I have a close friend that, after "retiring" as a touring musician out of Nashville, I played bass for about a year with. He's a great texas singer/songwriter, and a heck of a nice guy. His name is Leslie Doak, and if you're into Texas country, you might have heard of him.
He had a manager who had registered his DNS (www.lesliedoak.com) for him. After an arguement, and subsequent termination of the business relationship, the manager refused to sell the leased DNS to him. He eventually registered www.lesliedoakband.com and decided not to pursue a complaint through ICANN, as the fees for doing so usually live in the $2000 USD range.
As the registration ran out, we were surprised to see that within an hour, we were beat to the punch by registrar www.kenyatech.com.
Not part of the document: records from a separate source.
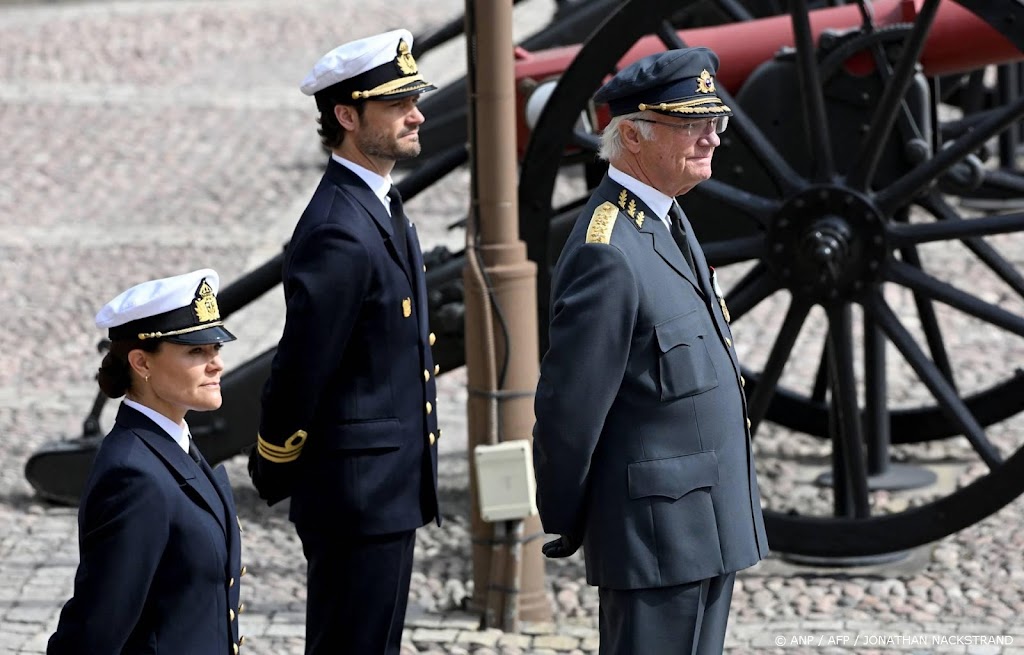 Zweedse royals vieren Veteranendag met kransleggingen en speeches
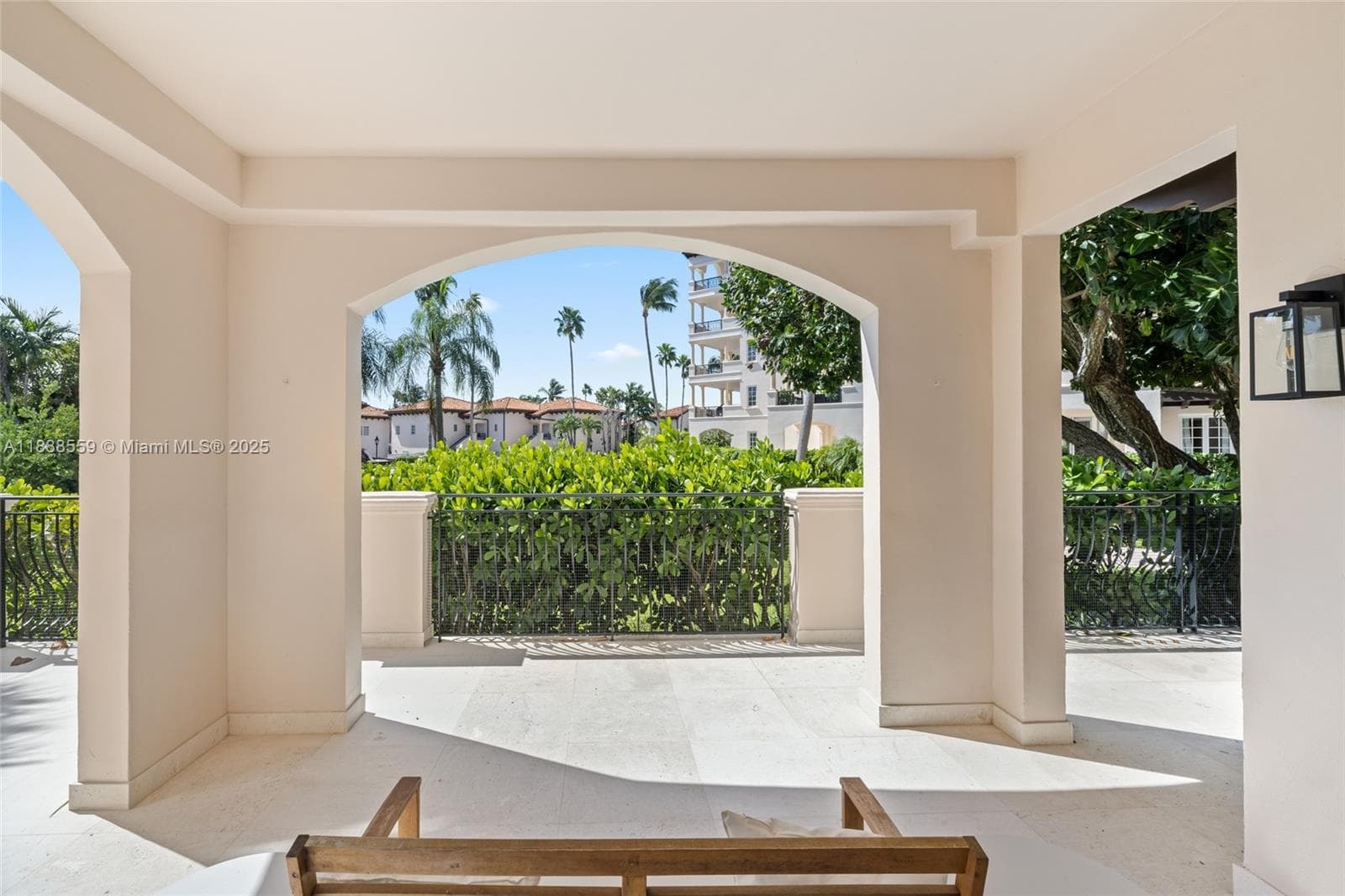 19216 Fisher Island Dr # 19216, Miami Beach FL 33109 — 41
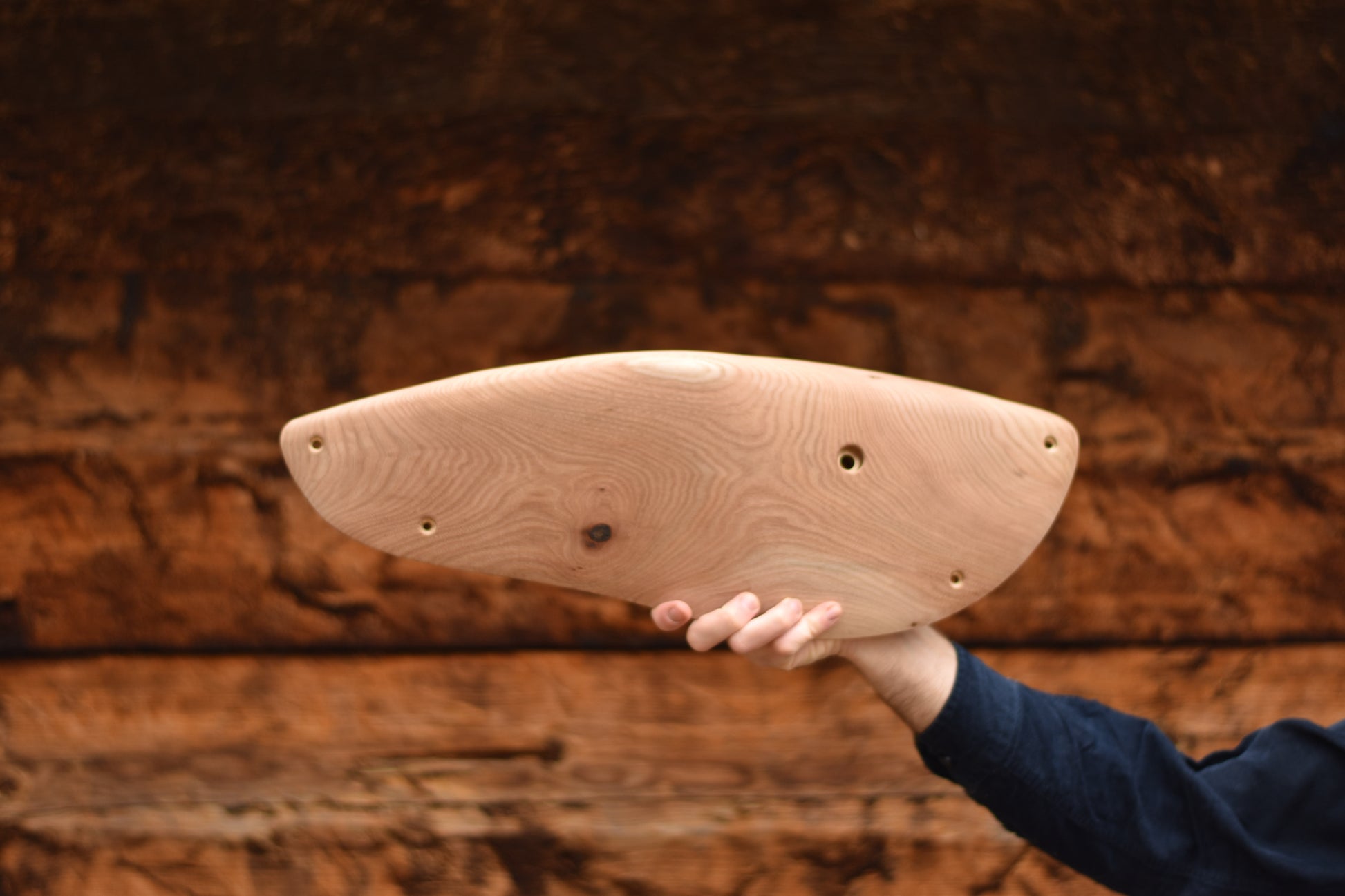 A carved elm jugg. Type of wood: elm. Dimensions(LxWxH): 54.5x19x7. Eco-friendly holds for modern indoor climbing.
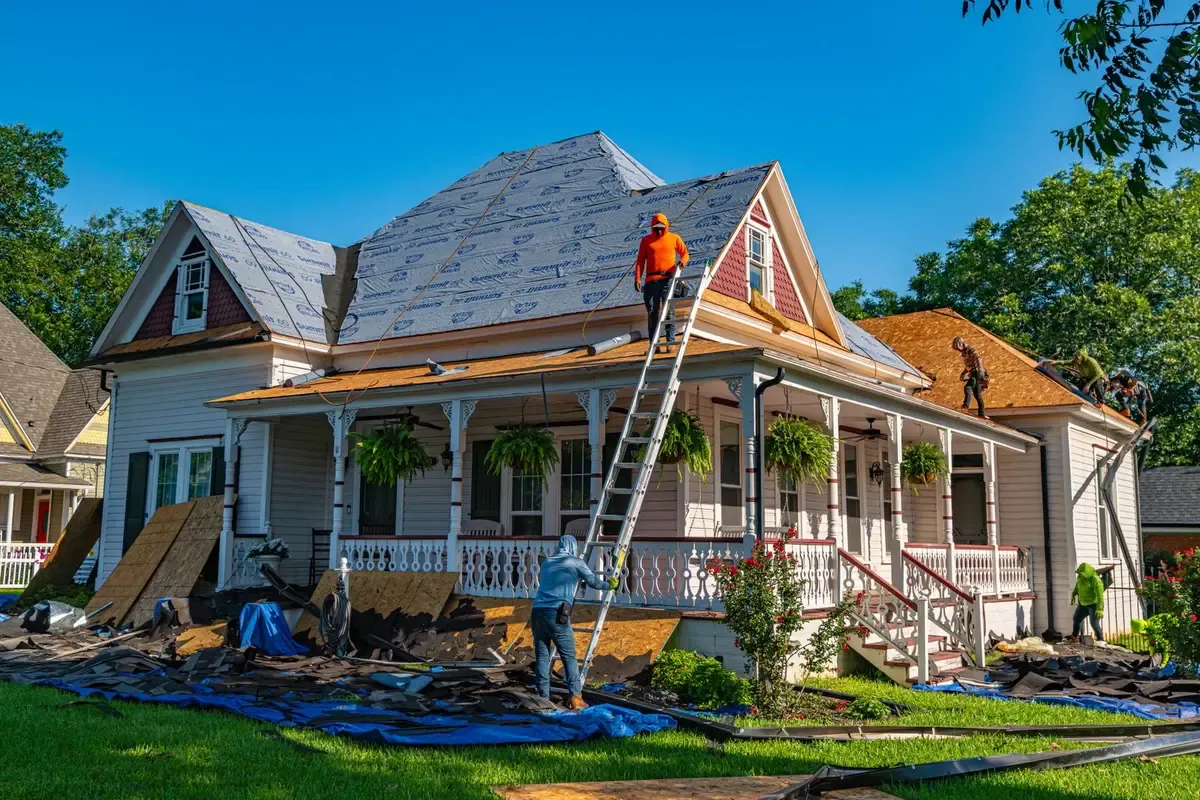 Craften crew replacing a roof on a Chattanooga-area home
In good faith, I went ahead and followed their procedure for bidding on the DNS, but only offered the rate of $16/year which is what the original cost of the DNS lease was. I'm sure, however, that kenyatech paid less, as they were sure to register several expired DNS's at the same time.
Of course, my offer was rejected, so I asked them what amount they were looking for, but they wouldn't answer. So I mentioned that "Lesie Doak" is trademarked, and they were in violation of ICANN's Uniform Domain Name Dispute Resolution Policy, as they had "no rights or legitimate interests in respect of the domain name" and the name was trademarked. They still wouldn't budge on the DNS. So now I'm writing a script that will offer a bid $0.01 higher than the previous bid constantly until it reaches a maximum of $30.
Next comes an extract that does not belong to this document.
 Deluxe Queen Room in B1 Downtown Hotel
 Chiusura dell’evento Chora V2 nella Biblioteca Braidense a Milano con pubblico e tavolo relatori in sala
The problem with the ICANN disupute policy is the cost associated with it. They use third party companies to handle the disputes, and the usual amount I've seen so far is $2000 USD. Personally, I would rather pay them that amount then $50 to a shady company like kenyatech, and am still considering doing so.
If anyone else has any experience with ICANN DNS disputes, I would love to hear about them. Otherwise, I'll post more as I hear more about the dispute.